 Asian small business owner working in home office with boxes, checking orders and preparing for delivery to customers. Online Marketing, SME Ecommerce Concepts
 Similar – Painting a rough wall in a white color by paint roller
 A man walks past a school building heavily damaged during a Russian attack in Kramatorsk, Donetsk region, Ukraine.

...

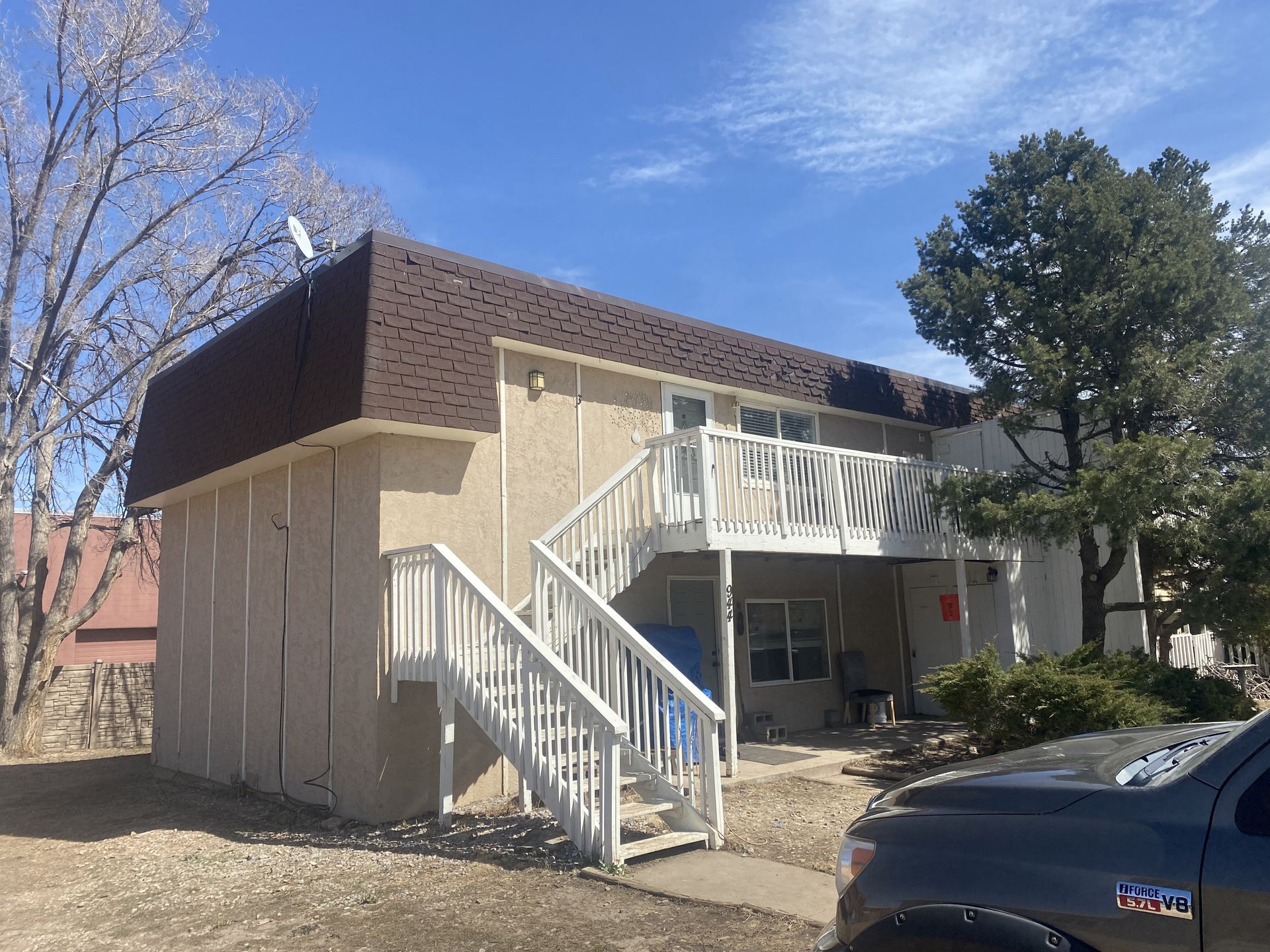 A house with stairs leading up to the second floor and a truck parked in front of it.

WHAT IS EXPECTED:
From the entries above, write out only the lines starting at the line that holds "Asian small business" and ending at the line that holds "Similar – Painting", keeping both and matching them exactly.

RESULT BELOW:
 Asian small business owner working in home office with boxes, checking orders and preparing for delivery to customers. Online Marketing, SME Ecommerce Concepts
 Similar – Painting a rough wall in a white color by paint roller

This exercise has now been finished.